--- EXERCISE INPUT Enclosed Below ---

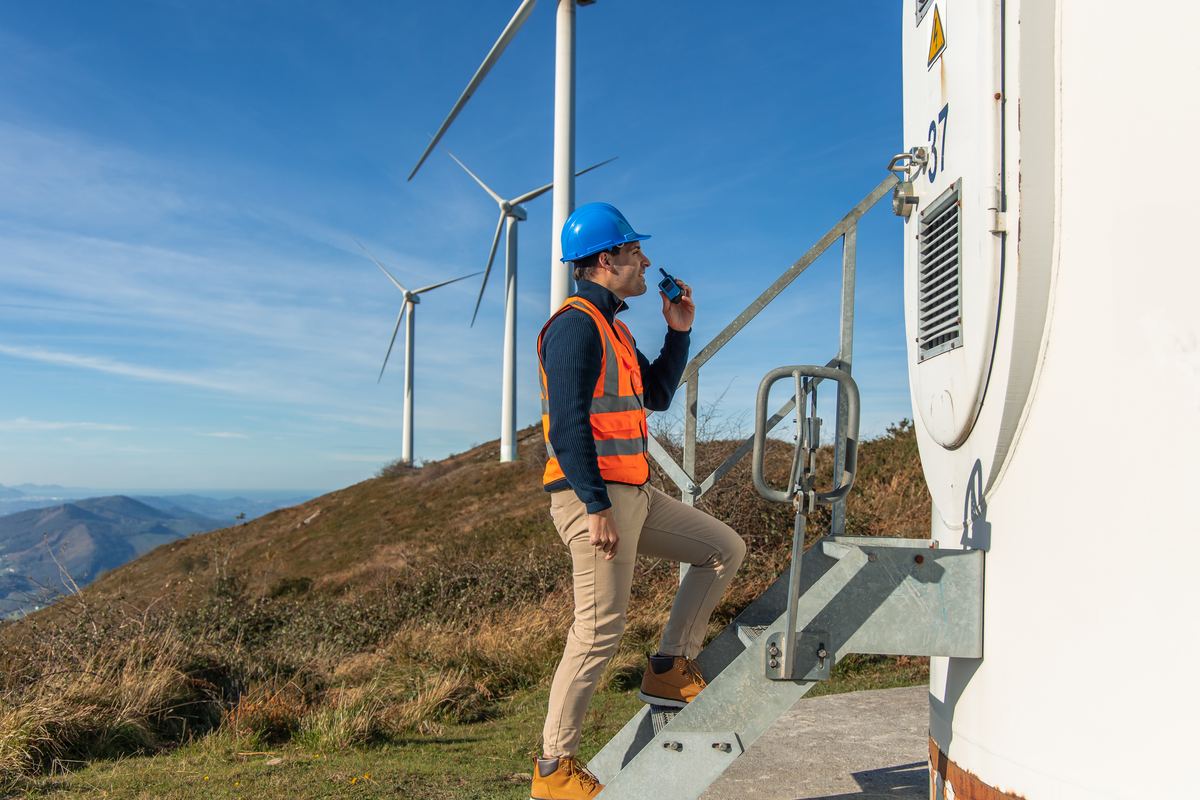 An engineer climbing a wind turbine tower using a two-way radio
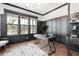 Home office with dark-paneled walls, hardwood floors, and built-ins at 3904 Delinger Dr, Mount Pleasant, SC 29466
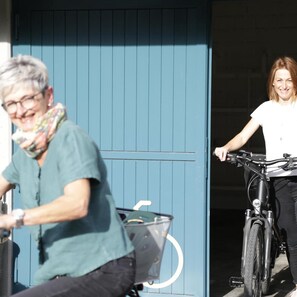 A person on a bicycle with a basket, a building entrance, and a door.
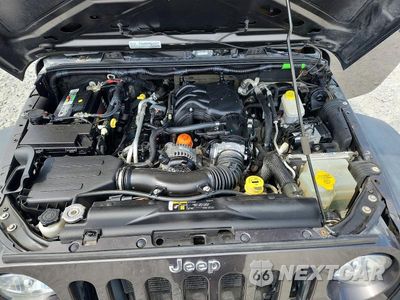 Zdjęcie 12 z 14 samochodu: 2018 JEEP WRANGLER UNLIMITED SPORT VIN:1C4HJWDG2JL928578 - miniatura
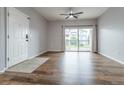 Open-concept living space features stylish flooring, balcony access, and a contemporary ceiling fan at 4451 S Ammons St # 2-204, Littleton, CO 80123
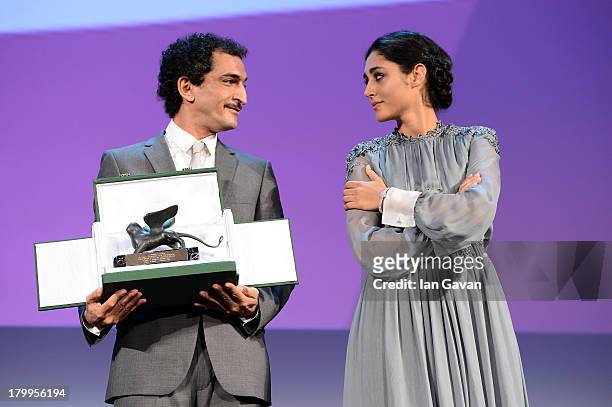 Orizzonti Jury member Iranian actress Golshifteh Farahani wears a Jaeger-LeCoultre Vintage Couvercle watch as she stands with Orizzonti Jury member...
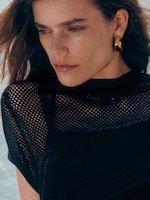 Placeholder for: Person with long hair and gold earrings, wearing a black netted top against a blurred outdoor background.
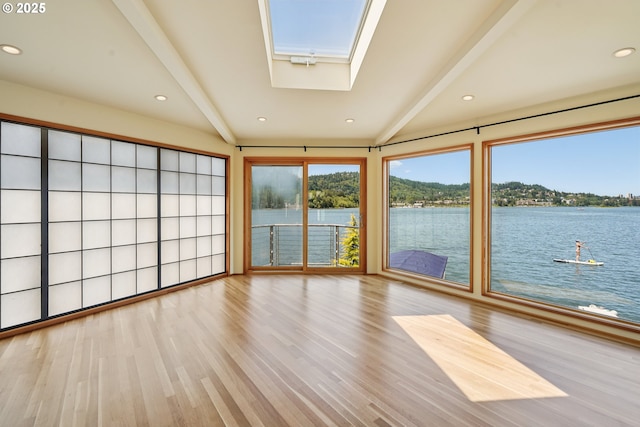 6901 SE Oaks Park Way Unit F, Portland, OR 97202 - unfurnished sunroom with a skylight, a water view, and beam ceiling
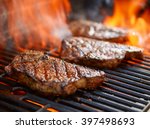 grilling steaks on flaming grill and shot with selective focus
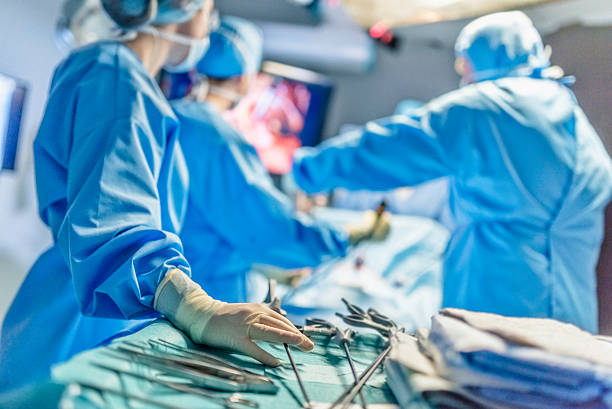 surgeons in full surgical gear during operation - operação imagens e fotografias de stock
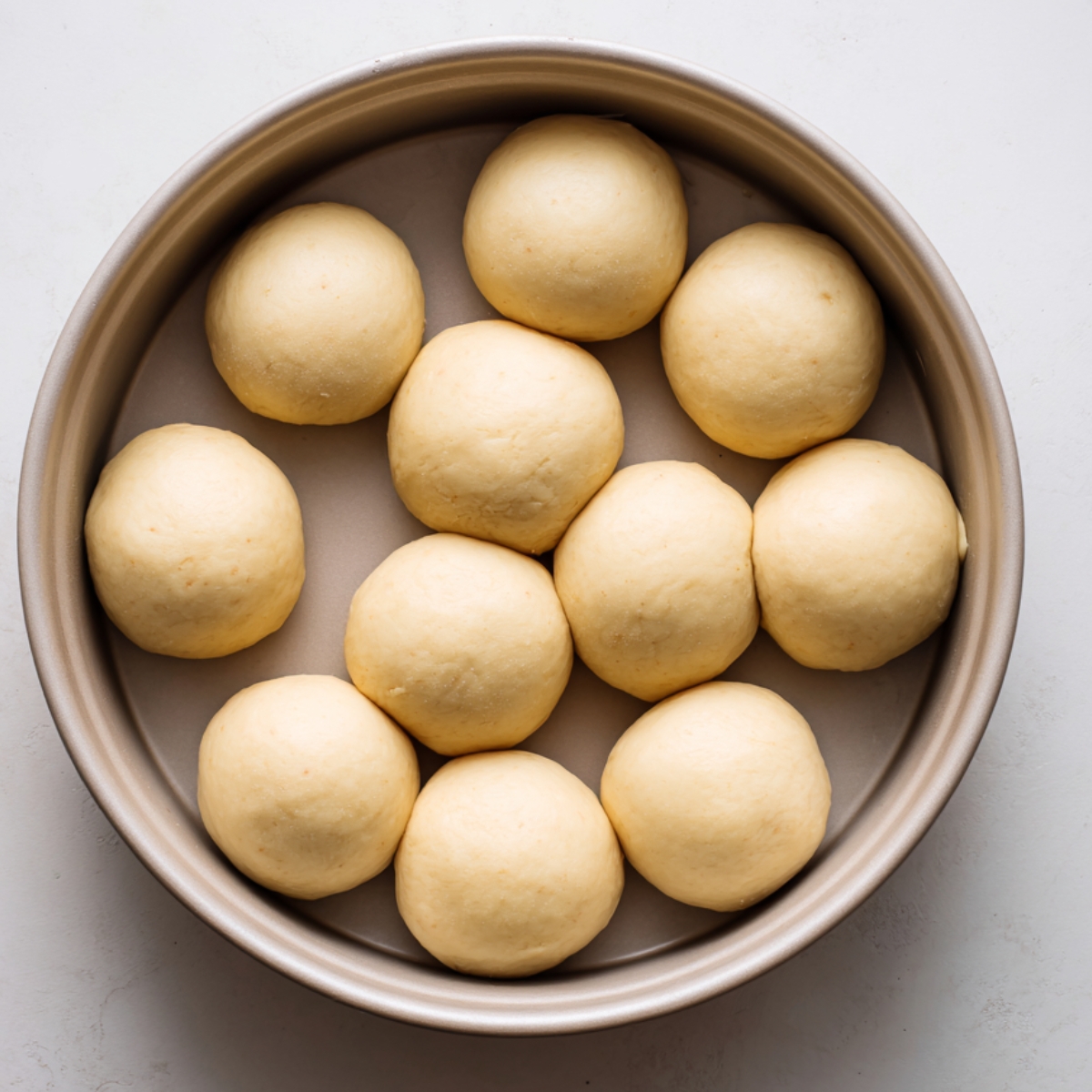 Evenly spaced dough balls in a greased round pan before the second rise.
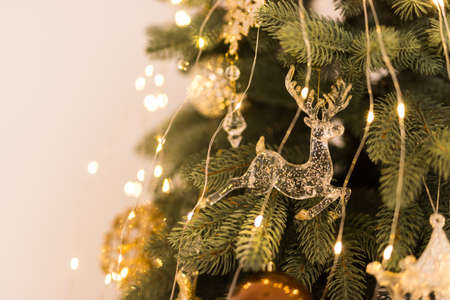Christmas tree decorated with toys and garlands on a white background.の写真素材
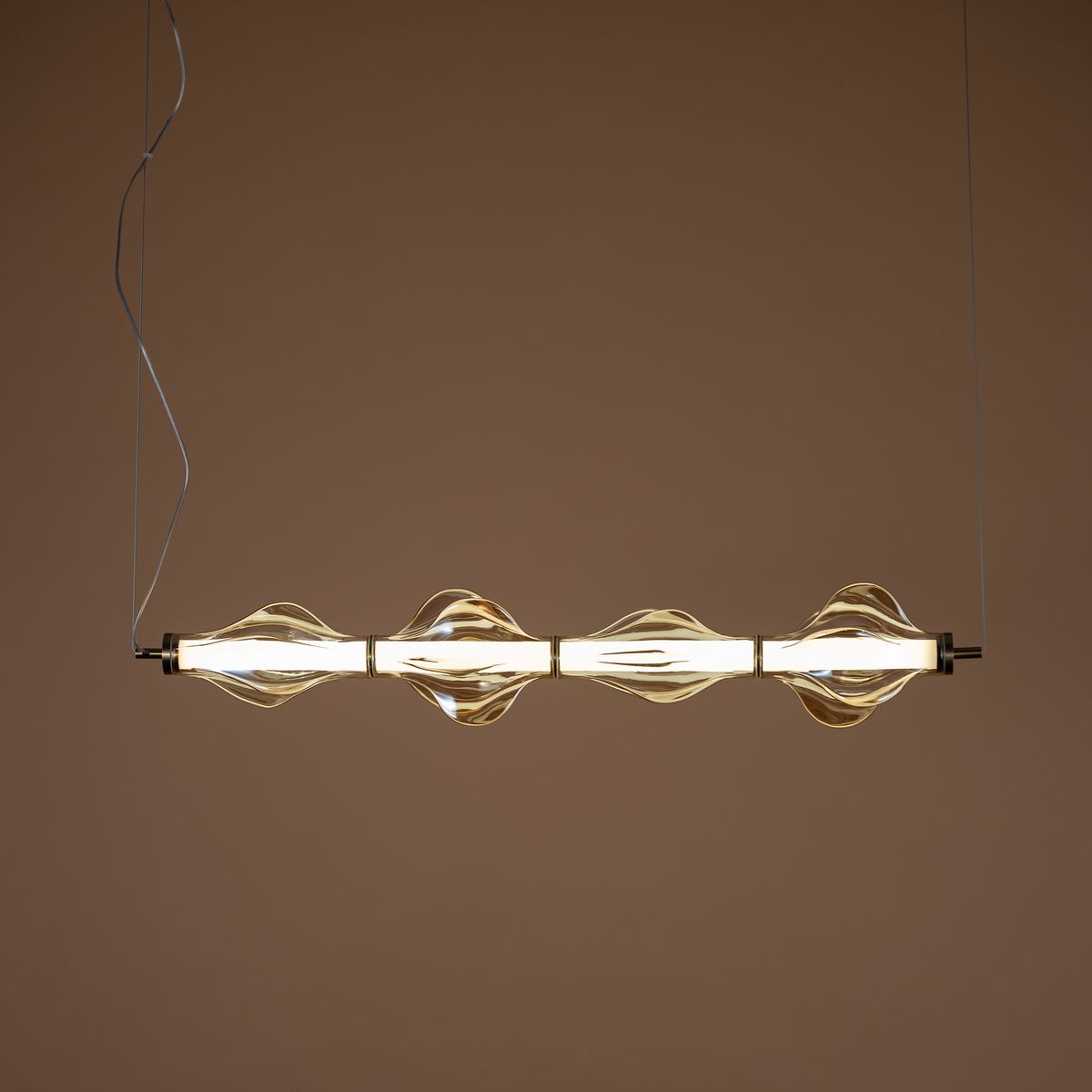 Lampa wisząca LED Elva 30W, kolor mosiężny z bursztynowymi detalami. Ma owalne klosze w kształcie fal, zamontowana w pozycji poziomej. Emituje ciepłe światło 3000K, zawieszona na cienkich linkach na tle jednolitej, ciepłej ściany.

--- End of Enclosed EXERCISE INPUT ---

This task calls for restating, word for word, each line from the line holding "Christmas tree decorated" through the end of the material, pictures left out.

**OUTPUT FOR THIS EXERCISE:**
Christmas tree decorated with toys and garlands on a white background.の写真素材
 Lampa wisząca LED Elva 30W, kolor mosiężny z bursztynowymi detalami. Ma owalne klosze w kształcie fal, zamontowana w pozycji poziomej. Emituje ciepłe światło 3000K, zawieszona na cienkich linkach na tle jednolitej, ciepłej ściany.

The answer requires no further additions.